When does an immersive video game become an addictive one?

This extract from Tim Wu’s Attention Merchants pg 192-193 makes clear how the immersive character of video games has been treated as addictive from the outset. It raises the question of where the former characteristic ends and the latter begins:

In both markets Space Invaders was a sudden and unexpected success—nothing quite like it had ever been seen. “Outer Space Invaders are taking over the U.S.,” reported the Youngstown Vindicator. The Washington Post reporter assigned to try the game described his experience this way: “I dropped in a quarter and saw 55 rectangles waving little arms and dropping laser bombs on earth, which is at the bottom of the screen. I fired back with my three laser bases, which got bombed out in about 30 seconds. . . . I was still pounding on the FIRE button at end of game. End of quarter. Start of addiction.” The themes of addiction and engrossment could be found in writing about video games from their debut. “It’s like drugs,” a Space Invaders distributor told The Washington Post in 1980. “They’ll tell you: ‘I got a $ 4-a-day habit.’ ” The first thing everyone noticed about Space Invaders was just how captivated its players were.
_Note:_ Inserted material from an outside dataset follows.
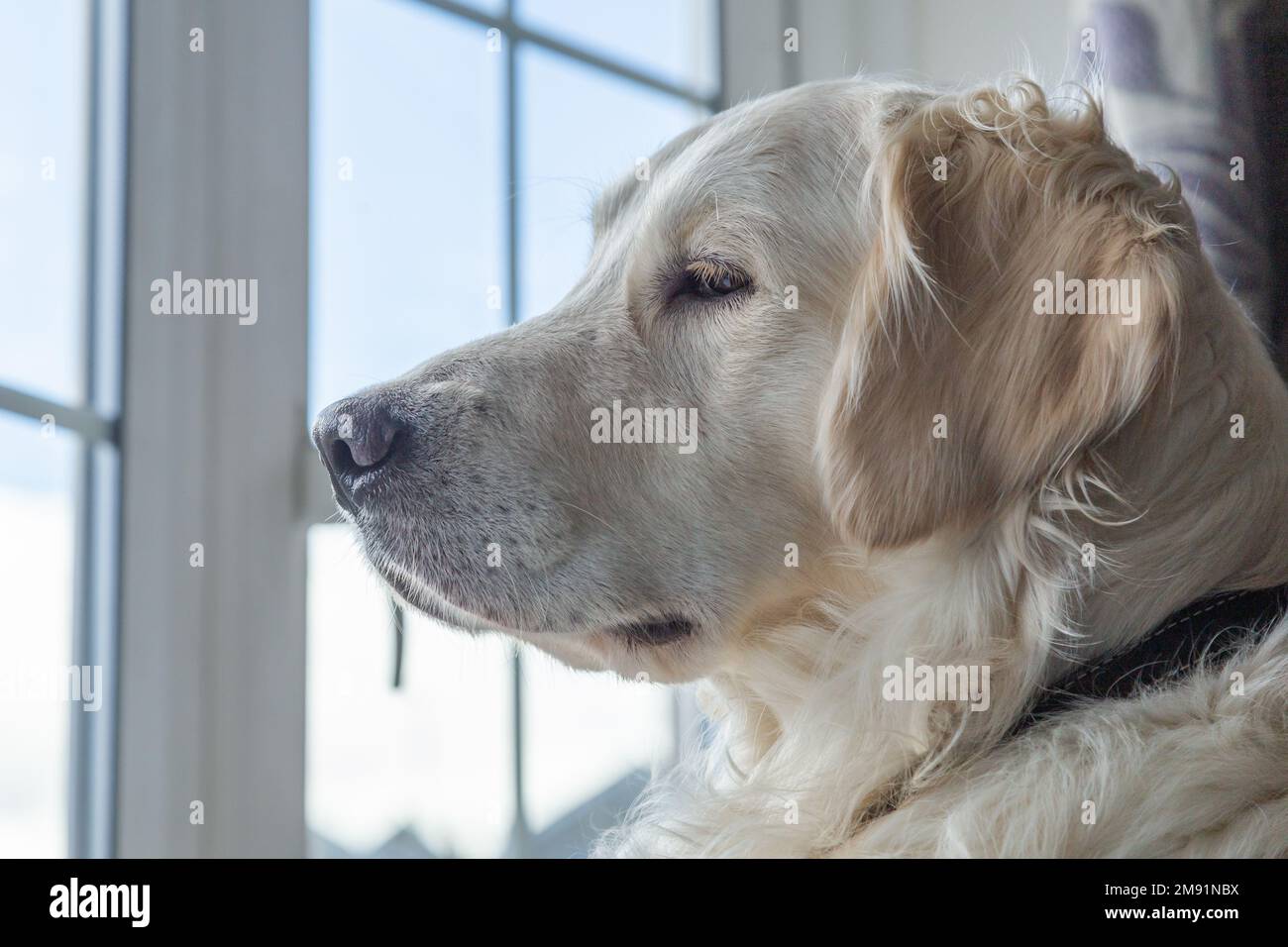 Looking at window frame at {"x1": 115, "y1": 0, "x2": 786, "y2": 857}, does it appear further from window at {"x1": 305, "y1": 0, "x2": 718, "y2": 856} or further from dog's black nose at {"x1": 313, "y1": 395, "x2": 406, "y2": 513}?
dog's black nose at {"x1": 313, "y1": 395, "x2": 406, "y2": 513}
It was a hard game—seemingly hopeless—yet something kept players coming back, trying to conquer it. 3 “What we are dealing with is a global addiction,” the novelist Martin Amis would write in his own meditation on video games in 1982. “I mean, this might all turn out to be a bit of a problem. Let me adduce my own symptoms, withdrawals, dry outs, crack-ups, benders.” Psychologists and other experts were perplexed and disturbed by the appeal of the games, especially to children. “Most of the kids who play them are too young for sex and drugs,” a Dr. Robert Millman told The New York Times in 1981. He proceeded to compare playing video games to sniffing glue. “The games present a seductive world. . . . [Young people want] to be totally absorbed in an activity where they are out on an edge and can’t think of anything else. That’s why they try everything from gambling to glue sniffing.” Others seemed to think Space Invaders’s success had to do with the recent national experience. “It’s really Vietnam,” wrote Ted Nelson, a magazine editor. “It’s a body count war. You do it and you never ask why.”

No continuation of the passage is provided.